Bridget remains content with the sporadic exchanges she has with her mother, which are aptly described as “stubbed-toe, short-leash”. Eventually Bridget is compelled to mend her relationship with Helen after the latter is diagnosed with a terminal illness.

Dysfunctional mother-daughter dynamics are a popular theme in literary fiction; recent examples include Deborah Levy’s Hot Milk and Avni Doshi’s Burnt Sugar. However, both books feature seething resentment and reciprocated emotional damage that pervade the narrative. In My Phantoms, the mother and daughter are curiously apathetic and seem to be maintaining their relationship out of a sense of duty rather than genuine concern for each other’s wellbeing.

Bridget does not want her mother to meet her boyfriend John, despite the latter’s insistence, because she knows Helen places no value on the quality or substance of any encounter.
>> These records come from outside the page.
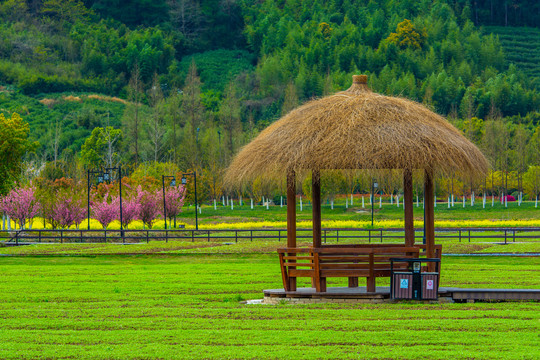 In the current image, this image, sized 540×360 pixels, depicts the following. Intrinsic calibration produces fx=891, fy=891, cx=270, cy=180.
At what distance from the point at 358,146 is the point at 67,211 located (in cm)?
4522

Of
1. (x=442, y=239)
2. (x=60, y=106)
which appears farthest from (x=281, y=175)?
(x=60, y=106)

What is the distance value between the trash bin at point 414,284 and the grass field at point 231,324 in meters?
0.38

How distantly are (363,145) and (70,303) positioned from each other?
800 cm

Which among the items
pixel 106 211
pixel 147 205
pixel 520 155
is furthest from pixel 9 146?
pixel 520 155

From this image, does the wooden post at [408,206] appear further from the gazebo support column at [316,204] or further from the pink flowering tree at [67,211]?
the pink flowering tree at [67,211]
But the same could be said about Bridget.

While the story is written from Bridget’s perspective, the narration is not inward-looking, and readers are left to figure out much about Bridget on their own because of the narrator’s aloofness and reluctance to reveal too much about herself. Bridget appears cold and detached, not just from her parents but even her sister, who is curiously absent from most of the story.

My Phantoms effectively captures the ennui of our times, and while the lack of a clear resolution might make for an unsatisfactory conclusion for some readers, it rounds up the raw ingenuity of this book well.